Anna est mon amie mais elle est peut-être plus encore l'amie de Paul. Il est impossible de ne pas être l'ami de Paul, parce qu'il est drôle, amical, doux et attentionné. Il appelle la sympathie et la protection. Et Anna est typiquement le genre d'aventurière sans peur et sans reproche encline à le prendre sous son aile. Anna est tout ce que je ne suis pas et tout ce que j'aime chez les autres filles : elle est inscrite à plus de clubs et d'associations que je ne saurais en citer, elle collectionne les bocaux de bestioles dans du formol et elle organise régulièrement des murder party sur le thème d'Harry Potter.
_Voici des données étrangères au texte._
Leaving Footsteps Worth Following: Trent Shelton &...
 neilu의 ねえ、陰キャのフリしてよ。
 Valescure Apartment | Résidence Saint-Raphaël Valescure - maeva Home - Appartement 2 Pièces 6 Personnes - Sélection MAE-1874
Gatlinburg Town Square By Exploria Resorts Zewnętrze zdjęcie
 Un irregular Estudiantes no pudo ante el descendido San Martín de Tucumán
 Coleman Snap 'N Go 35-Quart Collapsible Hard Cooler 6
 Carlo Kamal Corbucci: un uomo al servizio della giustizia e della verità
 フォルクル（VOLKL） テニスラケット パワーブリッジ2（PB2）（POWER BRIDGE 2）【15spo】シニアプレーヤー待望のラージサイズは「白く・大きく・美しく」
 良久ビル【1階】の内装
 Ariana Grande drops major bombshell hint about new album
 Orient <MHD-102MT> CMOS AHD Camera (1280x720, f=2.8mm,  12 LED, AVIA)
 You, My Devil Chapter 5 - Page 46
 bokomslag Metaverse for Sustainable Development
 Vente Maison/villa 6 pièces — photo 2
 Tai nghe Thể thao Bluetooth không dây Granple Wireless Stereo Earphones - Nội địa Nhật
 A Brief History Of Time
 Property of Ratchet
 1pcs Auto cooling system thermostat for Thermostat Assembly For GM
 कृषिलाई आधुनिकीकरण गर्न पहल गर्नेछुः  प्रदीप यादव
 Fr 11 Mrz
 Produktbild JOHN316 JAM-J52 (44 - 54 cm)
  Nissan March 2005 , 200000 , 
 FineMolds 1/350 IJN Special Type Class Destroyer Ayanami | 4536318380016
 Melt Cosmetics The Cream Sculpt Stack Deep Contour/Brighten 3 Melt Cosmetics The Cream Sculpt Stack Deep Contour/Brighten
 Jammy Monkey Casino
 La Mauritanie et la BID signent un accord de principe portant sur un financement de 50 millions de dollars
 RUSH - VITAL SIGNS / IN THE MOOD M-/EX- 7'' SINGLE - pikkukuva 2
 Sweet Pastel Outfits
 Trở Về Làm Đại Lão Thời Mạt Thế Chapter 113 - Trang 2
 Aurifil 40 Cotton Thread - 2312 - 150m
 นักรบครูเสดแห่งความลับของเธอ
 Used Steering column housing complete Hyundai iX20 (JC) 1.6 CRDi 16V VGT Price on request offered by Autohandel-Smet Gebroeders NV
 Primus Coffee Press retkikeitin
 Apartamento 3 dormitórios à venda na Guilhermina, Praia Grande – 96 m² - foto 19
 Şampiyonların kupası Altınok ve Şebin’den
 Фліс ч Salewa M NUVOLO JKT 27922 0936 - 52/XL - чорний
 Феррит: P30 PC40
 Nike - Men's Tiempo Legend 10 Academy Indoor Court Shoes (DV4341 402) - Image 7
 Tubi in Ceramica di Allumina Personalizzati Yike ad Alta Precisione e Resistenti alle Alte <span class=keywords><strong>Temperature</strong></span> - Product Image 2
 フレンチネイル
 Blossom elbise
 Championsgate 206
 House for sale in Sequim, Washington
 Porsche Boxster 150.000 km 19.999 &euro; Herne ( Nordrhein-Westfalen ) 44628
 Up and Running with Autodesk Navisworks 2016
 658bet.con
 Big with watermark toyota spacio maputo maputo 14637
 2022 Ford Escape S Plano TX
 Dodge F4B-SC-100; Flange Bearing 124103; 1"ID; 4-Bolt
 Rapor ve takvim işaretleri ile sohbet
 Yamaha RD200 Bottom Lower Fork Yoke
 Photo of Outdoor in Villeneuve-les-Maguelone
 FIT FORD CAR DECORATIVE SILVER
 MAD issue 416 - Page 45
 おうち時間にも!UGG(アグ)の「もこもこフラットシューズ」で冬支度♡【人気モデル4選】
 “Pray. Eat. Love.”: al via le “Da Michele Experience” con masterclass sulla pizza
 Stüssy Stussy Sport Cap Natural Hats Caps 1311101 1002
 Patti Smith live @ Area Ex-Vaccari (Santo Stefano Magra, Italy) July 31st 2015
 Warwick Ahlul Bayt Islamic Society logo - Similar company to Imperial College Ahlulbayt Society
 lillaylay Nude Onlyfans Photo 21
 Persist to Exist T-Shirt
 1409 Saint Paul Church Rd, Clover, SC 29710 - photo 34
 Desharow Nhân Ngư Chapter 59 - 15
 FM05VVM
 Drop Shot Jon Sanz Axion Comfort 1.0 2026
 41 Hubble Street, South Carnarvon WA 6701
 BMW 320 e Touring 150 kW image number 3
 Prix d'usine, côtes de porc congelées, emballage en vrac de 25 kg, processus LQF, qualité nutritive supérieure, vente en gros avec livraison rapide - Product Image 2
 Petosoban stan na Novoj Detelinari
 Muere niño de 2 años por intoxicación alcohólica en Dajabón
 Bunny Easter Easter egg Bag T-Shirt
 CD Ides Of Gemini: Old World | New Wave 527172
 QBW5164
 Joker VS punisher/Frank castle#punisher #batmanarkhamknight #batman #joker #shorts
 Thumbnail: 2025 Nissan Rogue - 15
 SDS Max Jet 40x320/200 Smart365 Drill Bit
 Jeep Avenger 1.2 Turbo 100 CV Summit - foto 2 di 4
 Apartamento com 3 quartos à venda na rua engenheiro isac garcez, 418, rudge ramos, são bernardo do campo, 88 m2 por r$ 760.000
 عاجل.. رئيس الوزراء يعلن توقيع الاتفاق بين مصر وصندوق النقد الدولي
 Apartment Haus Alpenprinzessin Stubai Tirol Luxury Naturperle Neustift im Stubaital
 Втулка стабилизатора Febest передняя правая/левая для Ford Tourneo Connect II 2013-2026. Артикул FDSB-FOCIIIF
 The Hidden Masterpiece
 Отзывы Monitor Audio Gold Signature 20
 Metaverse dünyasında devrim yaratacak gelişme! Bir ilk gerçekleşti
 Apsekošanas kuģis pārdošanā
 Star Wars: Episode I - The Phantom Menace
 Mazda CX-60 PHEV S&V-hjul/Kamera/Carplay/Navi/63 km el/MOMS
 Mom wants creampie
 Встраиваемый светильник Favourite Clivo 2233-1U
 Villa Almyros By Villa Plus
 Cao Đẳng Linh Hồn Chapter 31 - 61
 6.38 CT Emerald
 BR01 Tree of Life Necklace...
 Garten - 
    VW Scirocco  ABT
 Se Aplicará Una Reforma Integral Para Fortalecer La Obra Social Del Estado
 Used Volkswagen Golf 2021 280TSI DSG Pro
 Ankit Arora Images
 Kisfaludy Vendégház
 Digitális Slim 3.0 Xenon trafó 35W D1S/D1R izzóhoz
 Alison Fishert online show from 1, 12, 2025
Au lycée, elle aurait surement été rangée sous l'étiquette "bizarre et inquiétante", en prépa, elle représente le summum du "cool".

"Paul, a-t-elle repris, il faut qu'il vive sa vie aussi. Il faut qu'il puisse aller à la fac s'il en a envie, et il faut qu'il puisse y rencontrer d'autres filles si toi, tu ne veux pas de lui. Il ne peut pas passer sa vie à t'attendre."
"C'est lui qui t'a demandé de me dire ça ?"
"Non, tu sais bien que ce n'est pas son genre, à Paul. Paul, il ne veut pas déranger, il ne veut brusquer personne, surtout pas toi. Mais moi, je te demande de prendre une décision, parce qu'il reste deux semaines de cours, que vous n'aurez sûrement plus beaucoup l'occasion de vous voir après et que ce serait terriblement dommage si vous passiez à côté de quelque chose."

Je ne me suis pas mouillée : comme l'année dernière, j'ai choisi la prépa, et j'ai choisi Aurélien. C'est ce que j'ai dit à Anna, que je n'étais pas prête à tirer un trait sur ce qui semblait le plus solide dans ma vie en ce moment. Elle a haussé les épaules, comme si, après tout, ça ne regardait que moi, mais son regard exprimait clairement son désaccord.

Paul est revenu s'assoir en face de moi, Anna est repartie danser, et la soirée s'est terminée ainsi. A minuit, nous nous sommes fait des accolades de bonne nuit et nous nous sommes dit à demain en cours. Mais la fin de cette soirée avait un goût d'adieux définitifs.